Structured as a series of linked stories, the novel moves between the lives of women in Sydney navigating identity and intimacy in the shadow of middle age. These women share some surface commonalities but face different issues and cultural expectations. What unites them is a sense of flux: they are not quite where they thought they’d end up, nor quite sure how they got here.
The prose often leans heavily on dialogue to convey emotional beats and cultural context, at times showing the author’s hand more clearly than the characters’ true voices. The novel is at its most compelling when it trusts its characters to carry meaning through lived experience rather than overt commentary. As their stories entwine and slouch towards the end, the emotional complexity deepens with more resonance than the initial awkwardness of expository dialogue.

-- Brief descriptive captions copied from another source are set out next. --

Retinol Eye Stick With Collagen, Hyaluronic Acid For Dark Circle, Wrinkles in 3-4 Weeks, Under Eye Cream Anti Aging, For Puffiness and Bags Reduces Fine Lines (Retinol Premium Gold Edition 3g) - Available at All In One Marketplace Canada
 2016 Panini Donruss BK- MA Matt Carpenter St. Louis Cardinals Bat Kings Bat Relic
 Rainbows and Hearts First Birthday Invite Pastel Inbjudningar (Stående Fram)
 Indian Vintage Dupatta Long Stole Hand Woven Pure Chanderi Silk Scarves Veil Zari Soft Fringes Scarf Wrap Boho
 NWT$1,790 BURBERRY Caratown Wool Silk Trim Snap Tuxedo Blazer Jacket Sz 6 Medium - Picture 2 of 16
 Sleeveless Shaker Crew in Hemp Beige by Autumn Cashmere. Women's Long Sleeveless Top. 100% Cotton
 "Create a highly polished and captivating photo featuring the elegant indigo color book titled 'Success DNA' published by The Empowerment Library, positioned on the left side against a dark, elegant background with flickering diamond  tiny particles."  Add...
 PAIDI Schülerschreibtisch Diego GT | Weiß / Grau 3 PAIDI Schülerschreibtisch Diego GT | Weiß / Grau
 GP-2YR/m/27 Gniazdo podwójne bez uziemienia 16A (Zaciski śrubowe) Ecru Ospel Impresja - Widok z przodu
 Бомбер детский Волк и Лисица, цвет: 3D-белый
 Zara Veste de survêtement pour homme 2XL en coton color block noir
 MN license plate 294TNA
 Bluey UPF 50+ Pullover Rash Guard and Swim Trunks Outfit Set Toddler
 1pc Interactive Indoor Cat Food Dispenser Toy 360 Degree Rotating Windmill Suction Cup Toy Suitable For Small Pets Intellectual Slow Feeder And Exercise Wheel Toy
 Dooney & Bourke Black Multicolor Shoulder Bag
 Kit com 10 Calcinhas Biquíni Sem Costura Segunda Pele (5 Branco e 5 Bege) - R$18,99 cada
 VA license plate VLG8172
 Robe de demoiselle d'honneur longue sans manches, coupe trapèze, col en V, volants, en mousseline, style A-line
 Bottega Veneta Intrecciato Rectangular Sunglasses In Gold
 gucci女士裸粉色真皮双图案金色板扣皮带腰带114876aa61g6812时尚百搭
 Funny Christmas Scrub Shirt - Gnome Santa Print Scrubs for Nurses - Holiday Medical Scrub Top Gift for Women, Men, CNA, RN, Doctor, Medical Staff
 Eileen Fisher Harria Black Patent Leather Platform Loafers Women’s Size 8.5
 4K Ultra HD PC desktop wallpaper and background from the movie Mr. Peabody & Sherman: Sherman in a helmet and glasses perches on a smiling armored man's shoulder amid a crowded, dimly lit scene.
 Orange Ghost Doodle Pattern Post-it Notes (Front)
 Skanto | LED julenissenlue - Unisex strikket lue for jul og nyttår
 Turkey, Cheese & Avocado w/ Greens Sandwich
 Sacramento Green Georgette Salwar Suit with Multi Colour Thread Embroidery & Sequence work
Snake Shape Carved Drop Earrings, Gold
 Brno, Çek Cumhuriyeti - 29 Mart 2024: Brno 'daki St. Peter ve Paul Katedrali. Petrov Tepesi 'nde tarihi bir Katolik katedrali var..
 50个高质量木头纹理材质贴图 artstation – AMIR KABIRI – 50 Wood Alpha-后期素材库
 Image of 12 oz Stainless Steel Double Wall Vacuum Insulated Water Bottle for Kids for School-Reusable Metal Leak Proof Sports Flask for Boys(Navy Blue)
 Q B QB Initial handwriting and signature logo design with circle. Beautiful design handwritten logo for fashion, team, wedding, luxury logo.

The standout character is Rani, a reserved housewife grappling with shame and isolation, whose storyline offers the richest emotional terrain. Shad’s writing shines here as she finds more texture – Rani’s dilemmas are specific, her inner life convincingly rendered, with growth that feels more realistic and comes with a backstory so detailed, so relatable, it will give you second-hand anxiety. Other characters are drawn with empathy but have less narrative depth or realism, and some of the novel’s observations on modern womanhood can land with more force
than finesse.
The novel’s strength is in its depiction of friendship, especially among women wrestling with who they used to be and who they’ve become. The conversations – funny, intimate, slightly desperate, annoyed but trying not to be at that nice north shore restaurant – capture the strange mix of nostalgia and disorientation that often shadows middle age.
The complexity of these friendships plays out against the background of a common frustration: these women aren’t performing their rebellions in secret. Their husbands fail to truly listen to or even see them – an invisibility that haunts the narrative, tapping into a common experience for many middle-aged women.
By the final chapters, the stories converge into something more grounded and generous. While The Sex Lives of Married Women sometimes strains under the weight of its own ambitions, it ultimately offers an energetic sprint on race, choice, change and the quiet rebellions hidden in plain sight.